Worry destroys the ability to write... [it] attacks your subconscious and destroys your reserves.
-- Ernest Hemingway, Paris Review, Spring 1958
Worry, and it's synonym anxiety, is something I know a lot about. I come from a family of worriers and bad-sleeping, anxiety prone people. Even the littlest concern or hitch in the day can send a ripple of worry down the spine and, as Hemingway said, attack the subconscious.
The problem is, we can't remove all of the triggers of worry and anxiety from our lives. I am going to have pressures on my time that are beyond my control, which make hitting a deadline difficult to impossible. I am going to have to confront certain situations and people periodically. I am going to have to make hard choices as a parent and face up t the mistakes I make, no matter how well intentioned my thinking was and is.

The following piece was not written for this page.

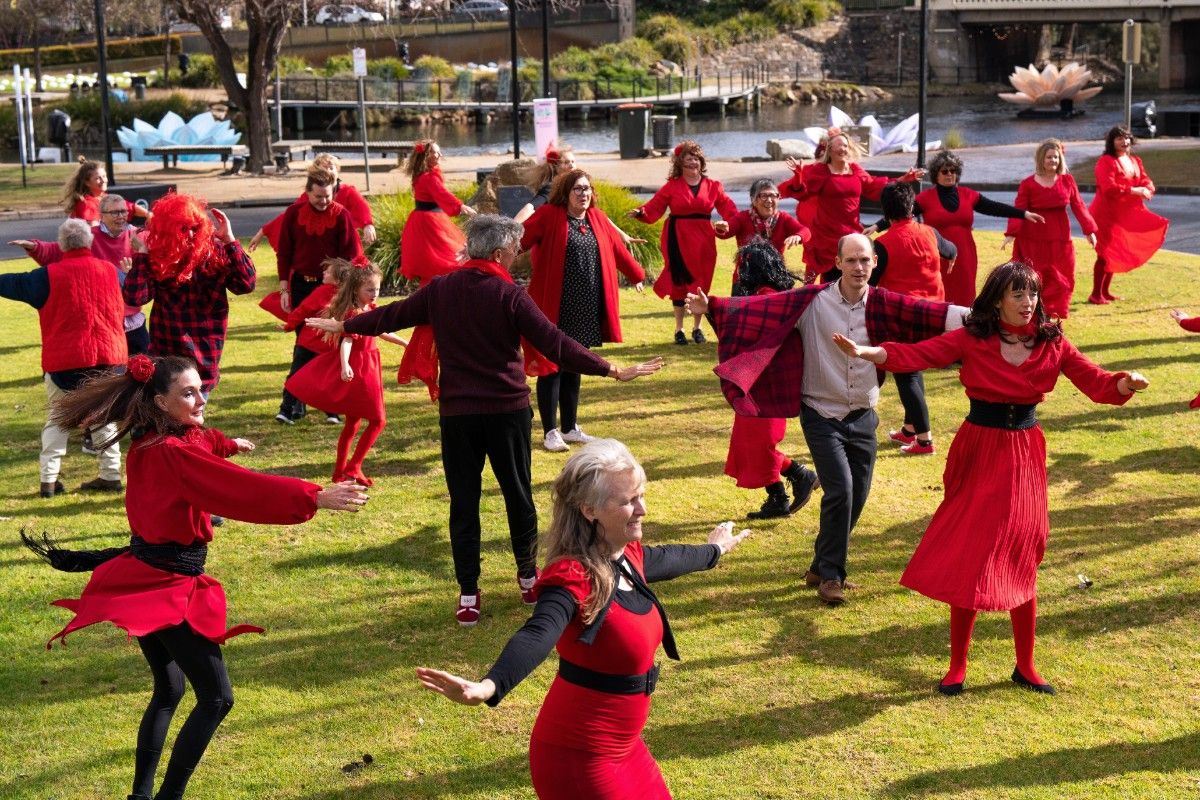 A group of men, women and children all dressed in red, dancing on a grass lawn area.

As I read the interview of Hemingway (HERE) I became envious of the life he led. Not because I would make the same choices as he did with regard to drinking and how he treated the people closest to him in life, but the thought of waking each morning in a beautiful, small villa near Havana and write with the morning breezes sweeping in and to do so with a sense of financial security sounds like a good way to live. He wrote standing up, so maybe that's something I could try.

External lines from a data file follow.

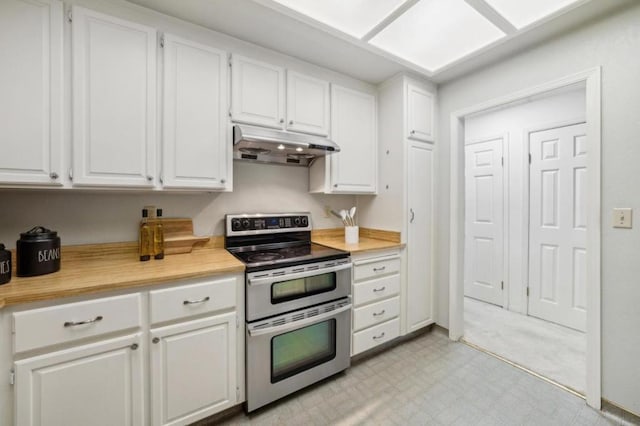 kitchen with white cabinetry and double oven range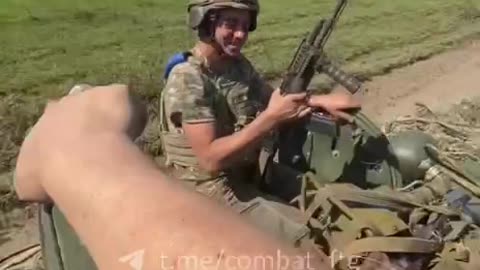 Ukrainian soldiers returning from the front with captured russians on top of a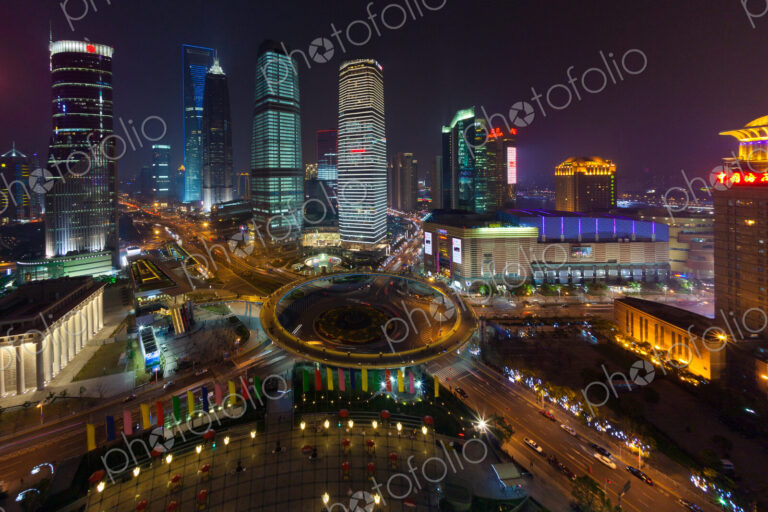 The Lujiazui Traffic Circle, with an elevated pedestrian promenade, at night,…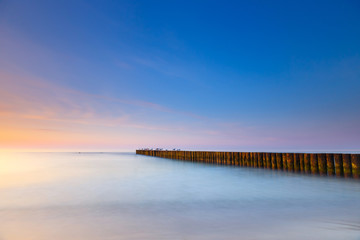 Fototapeta na wymiar sunset on the beach with a wooden breakwater, long exposure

I also became envious of the freedom from worry that he seemed to have, until I read the quote above. That quote, I think, shows someone well acquainted with anxiety and aware of his faults. The drinking and attitude and relative seclusion he sought make a lot more sense in that context.
So, as a writer, how do I deal with my own worries and anxiety? It's a management problem. Learning to manage the feelings as they flame up and tamp them down again without repressing them is a trick. It takes work, but there are tools and plenty of places to go find them.
It is true, worry and anxiety eat at the subconscious, but cats also help.